Türkiye’de bir “iktidar sorunu” olduğu kadar bir “muhalefet sorunu” olduğu da bir gerçek. Siyaset bilimcilerin önemli bir kısmı demokrasilerde, çeşitli denge ve denetleyici kurumların varlığının yanı sıra, muhalefet ve iktidar arasında düşmanca olmayan ama itişmesi, tartışması ve müzakeresi olan bir rekabet ilişkisi olması gerektiğinin altını çiziyorlar. Oysa bizdeki demokrasinin geldiği yer, muhalefeti tümüyle düşman gören, demokratik olmayan, hatta demokrasi karşıtı, tek adamcı ve despotik bir iktidarın olduğu bir yer.
İktidar da biliyor ki bu bir istikrarsız durumdur ve bu yönetim tarzı iki yönden birine doğru evrilecektir. Ya, eğer becerilebiliyorsa muhalefetin seçimlerde bir başarı elde etmesini önleyecek koşulları yaratmak ve böylelikle seçime gitmek. Ya da bir gerekçe üreterek desteği düşmüş olsa da “olağanüstü hal” ilan edip ülkeyi fiilen yönetmek.
Bence Türkiye’nin demokrasi macerasında geldiği yer böylesine tehlikeli bir yer. O nedenle de AKP hükümetinin bu yönetim tarzına itiraz edip ülkede gerçek bir demokrasiyi özleyenler için yapılması gereken birçok şey var.
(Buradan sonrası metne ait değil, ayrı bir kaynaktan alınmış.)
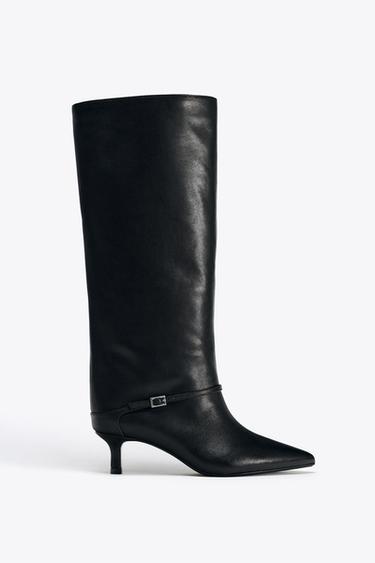 Zara KITTEN HEEL BUCKLED LEATHER BOOTS - Black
Öncelikli olarak anlaşılması gereken noktalardan biri, iktidarın HDP’nin demokratik siyasette oynayabileceği rolü görüp, onu, elindeki birçok imkanla, başta “yargı” sopası olmak üzere yok etmek, yok olmuyorsa da etkisiz hale getirmek amacıdır. Selahattin Demirtaş meselesi budur. Bu stratejiyi Avrupalı hukukçular anladılar ve Demirtaş başta olmak üzere HDP’li siyasetçilerin aslında “rehine” olduklarını fark ettiler ve “derhal serbest bırakın!” dediler. Ama aklının bir ucunda “yerli milli” despotik bir ülke için gerekirse “olağanüstü hal” ilan edip ülkeyi kanunsuz bir biçimde yönetmek olan iktidar açısından bu durum “yok hükmündeydi” ve nitekim öyle de oldu “Bizi bağlamaz!” diyerek yürümeye devam etti.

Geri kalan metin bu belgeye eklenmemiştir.